# Azure Demand Forecasting — Data Cleaning & Preprocessing
Infosys Springboard Internship Notebook

This notebook performs:
- Data loading
- Data inspection
- Missing value handling
- Type conversion
- Outlier checks
- Feature engineering for time series
- Encoding categorical variables
- Train/Test split for forecasting

In [None]:
import pandas as pd
import numpy as np

# Load dataset
df = pd.read_csv('azure_demand_forecasting_dataset.csv')
df.head()

## Basic Info & Structure

In [None]:
df.shape, df.columns, df.info()

## Convert Timestamp to Datetime

In [None]:
df['timestamp'] = pd.to_datetime(df['timestamp'])
df.dtypes

## Check Missing Values

In [None]:
df.isnull().sum()

## Remove Duplicate Rows

In [None]:
df = df.drop_duplicates()
df.shape

## Sort by Time (Important for Forecasting)

In [None]:
df = df.sort_values('timestamp')
df.head()

## Handle Invalid Values

In [None]:
# Ensure no negative demand or capacity
df['usage_units'] = df['usage_units'].clip(lower=0)
df['provisioned_capacity'] = df['provisioned_capacity'].clip(lower=0)
df['cost_usd'] = df['cost_usd'].clip(lower=0)

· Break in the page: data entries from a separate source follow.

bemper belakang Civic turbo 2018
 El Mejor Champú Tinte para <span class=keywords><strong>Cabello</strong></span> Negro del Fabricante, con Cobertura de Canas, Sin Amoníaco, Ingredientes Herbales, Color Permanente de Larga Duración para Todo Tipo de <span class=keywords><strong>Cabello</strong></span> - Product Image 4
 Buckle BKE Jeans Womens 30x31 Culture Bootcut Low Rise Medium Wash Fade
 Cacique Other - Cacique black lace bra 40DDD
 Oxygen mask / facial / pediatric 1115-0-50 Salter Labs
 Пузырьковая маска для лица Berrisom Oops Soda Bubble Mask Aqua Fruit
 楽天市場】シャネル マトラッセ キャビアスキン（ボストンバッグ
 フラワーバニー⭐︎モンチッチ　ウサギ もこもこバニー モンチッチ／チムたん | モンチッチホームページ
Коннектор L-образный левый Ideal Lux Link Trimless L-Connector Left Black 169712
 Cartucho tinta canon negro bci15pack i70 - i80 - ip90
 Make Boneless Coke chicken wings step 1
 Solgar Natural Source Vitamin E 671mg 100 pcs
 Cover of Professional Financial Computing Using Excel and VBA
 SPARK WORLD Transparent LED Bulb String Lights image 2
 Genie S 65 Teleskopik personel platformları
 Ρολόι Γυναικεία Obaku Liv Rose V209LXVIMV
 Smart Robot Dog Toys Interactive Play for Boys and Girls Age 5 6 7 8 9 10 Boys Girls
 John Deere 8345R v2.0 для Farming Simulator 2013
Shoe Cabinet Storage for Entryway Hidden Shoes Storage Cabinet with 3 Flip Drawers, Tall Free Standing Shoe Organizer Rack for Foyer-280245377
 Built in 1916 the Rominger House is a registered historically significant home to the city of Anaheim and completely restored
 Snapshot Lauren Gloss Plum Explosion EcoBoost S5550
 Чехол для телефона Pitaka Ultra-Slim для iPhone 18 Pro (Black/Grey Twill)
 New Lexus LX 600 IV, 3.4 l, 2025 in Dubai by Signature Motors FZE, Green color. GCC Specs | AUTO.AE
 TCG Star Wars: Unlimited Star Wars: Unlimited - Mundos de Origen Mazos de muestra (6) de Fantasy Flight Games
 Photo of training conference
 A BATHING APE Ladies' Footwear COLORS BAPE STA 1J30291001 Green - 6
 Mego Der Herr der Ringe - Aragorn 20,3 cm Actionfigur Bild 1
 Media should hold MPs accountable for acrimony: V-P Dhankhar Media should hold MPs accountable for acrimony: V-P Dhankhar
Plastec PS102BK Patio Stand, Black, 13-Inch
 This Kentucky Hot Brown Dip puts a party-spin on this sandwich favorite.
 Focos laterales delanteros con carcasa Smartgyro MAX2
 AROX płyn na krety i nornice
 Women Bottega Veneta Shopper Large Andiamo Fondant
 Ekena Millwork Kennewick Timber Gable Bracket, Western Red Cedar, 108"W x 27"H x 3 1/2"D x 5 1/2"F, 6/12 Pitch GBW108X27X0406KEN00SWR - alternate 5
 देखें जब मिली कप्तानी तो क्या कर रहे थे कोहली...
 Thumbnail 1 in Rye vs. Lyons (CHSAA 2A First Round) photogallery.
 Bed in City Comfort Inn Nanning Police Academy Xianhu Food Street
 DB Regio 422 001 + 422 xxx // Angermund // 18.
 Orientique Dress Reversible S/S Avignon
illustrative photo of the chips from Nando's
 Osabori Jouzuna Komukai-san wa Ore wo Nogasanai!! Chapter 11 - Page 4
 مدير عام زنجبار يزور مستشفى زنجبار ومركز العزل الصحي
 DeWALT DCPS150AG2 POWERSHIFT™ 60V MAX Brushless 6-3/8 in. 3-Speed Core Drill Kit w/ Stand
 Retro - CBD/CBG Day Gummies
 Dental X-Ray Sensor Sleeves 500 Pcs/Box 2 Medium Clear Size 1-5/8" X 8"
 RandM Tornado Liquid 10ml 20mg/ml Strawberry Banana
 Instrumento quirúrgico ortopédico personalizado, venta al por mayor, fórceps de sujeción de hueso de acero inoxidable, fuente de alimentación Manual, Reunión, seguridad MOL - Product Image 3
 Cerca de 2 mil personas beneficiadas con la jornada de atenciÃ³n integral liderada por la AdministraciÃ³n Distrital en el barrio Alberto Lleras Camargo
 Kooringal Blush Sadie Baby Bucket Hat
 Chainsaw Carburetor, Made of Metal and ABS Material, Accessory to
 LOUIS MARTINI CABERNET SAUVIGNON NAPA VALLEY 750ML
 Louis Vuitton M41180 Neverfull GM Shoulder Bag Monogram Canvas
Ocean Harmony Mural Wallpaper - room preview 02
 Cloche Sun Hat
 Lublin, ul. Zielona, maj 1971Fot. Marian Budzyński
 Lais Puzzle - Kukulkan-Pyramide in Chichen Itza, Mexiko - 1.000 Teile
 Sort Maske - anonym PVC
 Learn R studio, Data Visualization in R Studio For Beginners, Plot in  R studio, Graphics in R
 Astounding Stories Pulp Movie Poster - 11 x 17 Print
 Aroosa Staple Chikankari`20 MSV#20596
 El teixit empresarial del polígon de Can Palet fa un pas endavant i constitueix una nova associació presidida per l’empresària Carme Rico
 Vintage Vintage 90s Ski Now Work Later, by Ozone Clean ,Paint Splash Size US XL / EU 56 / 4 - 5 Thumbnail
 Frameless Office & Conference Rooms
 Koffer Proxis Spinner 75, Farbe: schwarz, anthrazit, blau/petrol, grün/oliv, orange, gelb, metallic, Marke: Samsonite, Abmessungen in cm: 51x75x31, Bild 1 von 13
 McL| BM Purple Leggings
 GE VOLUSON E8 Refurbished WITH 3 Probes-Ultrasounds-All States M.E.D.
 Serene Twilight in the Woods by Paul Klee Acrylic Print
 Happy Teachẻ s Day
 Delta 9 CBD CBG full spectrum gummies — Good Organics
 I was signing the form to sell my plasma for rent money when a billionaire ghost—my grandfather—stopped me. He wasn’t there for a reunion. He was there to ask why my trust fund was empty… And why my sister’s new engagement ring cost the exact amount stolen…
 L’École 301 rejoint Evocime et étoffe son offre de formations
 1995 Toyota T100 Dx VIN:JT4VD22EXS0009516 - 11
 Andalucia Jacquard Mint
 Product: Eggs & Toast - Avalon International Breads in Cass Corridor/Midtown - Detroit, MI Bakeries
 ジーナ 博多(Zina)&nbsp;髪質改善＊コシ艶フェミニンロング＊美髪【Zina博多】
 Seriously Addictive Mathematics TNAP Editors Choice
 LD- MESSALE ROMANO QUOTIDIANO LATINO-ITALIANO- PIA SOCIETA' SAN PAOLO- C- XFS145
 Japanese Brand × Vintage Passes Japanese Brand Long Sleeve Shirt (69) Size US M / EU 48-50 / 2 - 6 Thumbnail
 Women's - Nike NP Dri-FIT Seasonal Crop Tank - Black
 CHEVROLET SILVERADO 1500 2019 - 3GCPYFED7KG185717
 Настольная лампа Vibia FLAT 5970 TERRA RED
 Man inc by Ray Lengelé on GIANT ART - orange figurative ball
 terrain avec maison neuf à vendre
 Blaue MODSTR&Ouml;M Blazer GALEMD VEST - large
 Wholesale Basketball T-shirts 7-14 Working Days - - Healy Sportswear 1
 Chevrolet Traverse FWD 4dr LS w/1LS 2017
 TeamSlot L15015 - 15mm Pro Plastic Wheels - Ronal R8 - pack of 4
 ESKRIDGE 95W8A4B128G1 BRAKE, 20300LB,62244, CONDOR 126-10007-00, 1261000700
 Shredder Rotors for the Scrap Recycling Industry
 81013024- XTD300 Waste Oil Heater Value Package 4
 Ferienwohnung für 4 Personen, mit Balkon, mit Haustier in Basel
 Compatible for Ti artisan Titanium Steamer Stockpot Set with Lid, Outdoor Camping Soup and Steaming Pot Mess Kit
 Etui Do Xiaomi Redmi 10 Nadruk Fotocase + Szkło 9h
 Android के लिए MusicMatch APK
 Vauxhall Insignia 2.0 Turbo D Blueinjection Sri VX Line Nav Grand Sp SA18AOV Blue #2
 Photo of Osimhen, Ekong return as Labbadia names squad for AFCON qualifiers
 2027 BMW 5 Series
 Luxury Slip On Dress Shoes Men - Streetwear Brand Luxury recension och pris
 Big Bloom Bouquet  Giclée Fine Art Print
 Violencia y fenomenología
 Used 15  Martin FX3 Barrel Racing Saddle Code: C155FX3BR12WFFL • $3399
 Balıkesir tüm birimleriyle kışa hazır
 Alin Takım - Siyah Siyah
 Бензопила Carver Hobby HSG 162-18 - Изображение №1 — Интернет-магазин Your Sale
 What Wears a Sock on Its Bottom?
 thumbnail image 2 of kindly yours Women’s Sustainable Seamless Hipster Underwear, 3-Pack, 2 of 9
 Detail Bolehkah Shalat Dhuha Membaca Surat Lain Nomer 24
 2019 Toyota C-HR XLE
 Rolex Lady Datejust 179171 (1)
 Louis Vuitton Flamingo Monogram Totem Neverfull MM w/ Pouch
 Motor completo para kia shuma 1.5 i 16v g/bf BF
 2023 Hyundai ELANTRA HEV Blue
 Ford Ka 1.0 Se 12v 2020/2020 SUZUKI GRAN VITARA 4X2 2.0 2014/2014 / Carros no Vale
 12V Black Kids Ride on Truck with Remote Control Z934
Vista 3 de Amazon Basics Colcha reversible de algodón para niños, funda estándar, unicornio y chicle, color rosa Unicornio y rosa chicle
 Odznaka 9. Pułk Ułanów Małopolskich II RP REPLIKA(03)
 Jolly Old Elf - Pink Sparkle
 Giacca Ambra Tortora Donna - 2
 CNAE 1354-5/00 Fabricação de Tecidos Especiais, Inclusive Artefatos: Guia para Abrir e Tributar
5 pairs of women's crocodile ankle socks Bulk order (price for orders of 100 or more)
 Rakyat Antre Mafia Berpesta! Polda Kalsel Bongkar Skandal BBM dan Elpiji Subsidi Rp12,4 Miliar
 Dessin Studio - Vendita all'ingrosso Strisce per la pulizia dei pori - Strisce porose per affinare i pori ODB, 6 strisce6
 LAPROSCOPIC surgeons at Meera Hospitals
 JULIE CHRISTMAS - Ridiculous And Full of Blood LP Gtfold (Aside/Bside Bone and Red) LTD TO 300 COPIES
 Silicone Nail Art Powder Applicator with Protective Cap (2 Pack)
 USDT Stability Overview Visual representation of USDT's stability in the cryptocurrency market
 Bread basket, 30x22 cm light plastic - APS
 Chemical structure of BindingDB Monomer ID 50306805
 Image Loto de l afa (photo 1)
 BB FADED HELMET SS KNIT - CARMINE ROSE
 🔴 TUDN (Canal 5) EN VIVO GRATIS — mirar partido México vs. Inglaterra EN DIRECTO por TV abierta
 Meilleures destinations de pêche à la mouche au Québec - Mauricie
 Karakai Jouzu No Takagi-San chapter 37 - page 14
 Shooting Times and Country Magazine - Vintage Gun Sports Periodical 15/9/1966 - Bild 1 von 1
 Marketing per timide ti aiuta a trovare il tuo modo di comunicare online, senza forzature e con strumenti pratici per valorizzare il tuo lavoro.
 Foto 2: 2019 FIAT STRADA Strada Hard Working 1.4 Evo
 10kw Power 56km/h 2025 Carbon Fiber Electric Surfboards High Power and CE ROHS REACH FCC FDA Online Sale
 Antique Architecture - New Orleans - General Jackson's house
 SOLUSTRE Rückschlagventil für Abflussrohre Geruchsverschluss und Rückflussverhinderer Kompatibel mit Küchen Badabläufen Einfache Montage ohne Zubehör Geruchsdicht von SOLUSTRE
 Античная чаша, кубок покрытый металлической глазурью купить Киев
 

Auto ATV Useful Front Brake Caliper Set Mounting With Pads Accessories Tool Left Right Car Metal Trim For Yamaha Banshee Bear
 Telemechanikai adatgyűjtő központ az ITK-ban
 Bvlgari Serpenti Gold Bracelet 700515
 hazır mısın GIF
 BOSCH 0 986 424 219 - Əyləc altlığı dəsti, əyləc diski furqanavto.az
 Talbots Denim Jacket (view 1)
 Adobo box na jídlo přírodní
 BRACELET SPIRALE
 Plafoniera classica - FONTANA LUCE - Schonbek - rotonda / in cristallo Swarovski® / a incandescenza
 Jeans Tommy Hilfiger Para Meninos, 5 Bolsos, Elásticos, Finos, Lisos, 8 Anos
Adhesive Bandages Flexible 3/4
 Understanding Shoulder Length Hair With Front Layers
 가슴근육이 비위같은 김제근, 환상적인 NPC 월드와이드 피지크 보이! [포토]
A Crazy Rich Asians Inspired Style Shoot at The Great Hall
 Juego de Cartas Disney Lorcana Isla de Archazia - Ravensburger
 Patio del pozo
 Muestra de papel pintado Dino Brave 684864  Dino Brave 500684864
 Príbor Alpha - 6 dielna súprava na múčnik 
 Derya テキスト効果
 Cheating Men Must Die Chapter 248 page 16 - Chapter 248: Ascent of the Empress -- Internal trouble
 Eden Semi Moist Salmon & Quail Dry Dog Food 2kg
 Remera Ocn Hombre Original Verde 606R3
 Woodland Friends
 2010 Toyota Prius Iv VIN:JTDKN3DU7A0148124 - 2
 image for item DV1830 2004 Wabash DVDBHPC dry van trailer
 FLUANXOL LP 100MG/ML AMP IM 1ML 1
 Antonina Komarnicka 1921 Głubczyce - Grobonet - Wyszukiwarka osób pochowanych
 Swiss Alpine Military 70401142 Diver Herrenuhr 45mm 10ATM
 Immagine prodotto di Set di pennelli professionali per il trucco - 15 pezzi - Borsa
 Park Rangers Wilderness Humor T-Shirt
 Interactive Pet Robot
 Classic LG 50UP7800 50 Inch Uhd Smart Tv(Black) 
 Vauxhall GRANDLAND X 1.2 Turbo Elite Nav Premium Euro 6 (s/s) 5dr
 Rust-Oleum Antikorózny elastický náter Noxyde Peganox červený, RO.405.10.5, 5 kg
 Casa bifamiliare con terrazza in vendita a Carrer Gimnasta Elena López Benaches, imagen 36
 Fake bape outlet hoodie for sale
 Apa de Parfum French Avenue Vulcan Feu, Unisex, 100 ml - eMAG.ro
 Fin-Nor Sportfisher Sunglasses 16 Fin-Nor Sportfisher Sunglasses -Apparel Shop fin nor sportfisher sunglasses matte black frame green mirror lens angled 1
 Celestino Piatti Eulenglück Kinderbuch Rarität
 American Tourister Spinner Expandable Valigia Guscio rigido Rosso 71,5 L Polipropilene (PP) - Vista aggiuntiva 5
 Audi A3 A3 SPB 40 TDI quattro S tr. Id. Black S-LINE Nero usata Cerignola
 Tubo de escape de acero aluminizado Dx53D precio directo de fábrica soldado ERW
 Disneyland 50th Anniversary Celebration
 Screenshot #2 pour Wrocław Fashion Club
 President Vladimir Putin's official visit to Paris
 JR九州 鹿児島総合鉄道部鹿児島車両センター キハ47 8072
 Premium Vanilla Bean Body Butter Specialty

## Outlier Detection (IQR Method)

In [None]:
def remove_outliers(col):
    Q1 = df[col].quantile(0.25)
    Q3 = df[col].quantile(0.75)
    IQR = Q3 - Q1
    lower = Q1 - 1.5 * IQR
    upper = Q3 + 1.5 * IQR
    return df[(df[col] >= lower) & (df[col] <= upper)]

for c in ['usage_units','cost_usd']:
    df = remove_outliers(c)

df.shape

## Feature Engineering — Time Features

In [None]:
df['year'] = df['timestamp'].dt.year
df['month'] = df['timestamp'].dt.month
df['day'] = df['timestamp'].dt.day
df['day_of_week'] = df['timestamp'].dt.dayofweek
df['weekofyear'] = df['timestamp'].dt.isocalendar().week.astype(int)

df.head()

## Seasonal Flags

In [None]:
df['is_weekend'] = df['day_of_week'].isin([5,6]).astype(int)

## Encode Categorical Columns

In [None]:
df = pd.get_dummies(df, columns=['region','service_type'], drop_first=True)
df.head()

## Normalize Numeric Features

In [None]:
from sklearn.preprocessing import StandardScaler

num_cols = ['usage_units','provisioned_capacity','cost_usd','availability_pct']
scaler = StandardScaler()
df[num_cols] = scaler.fit_transform(df[num_cols])

## Train-Test Split (Time Series Safe)

In [None]:
split_date = df['timestamp'].quantile(0.8)

train = df[df['timestamp'] <= split_date]
test = df[df['timestamp'] > split_date]

train.shape, test.shape

## Save Cleaned Dataset

In [None]:
df.to_csv('azure_cleaned_preprocessed.csv', index=False)
print('Saved cleaned dataset')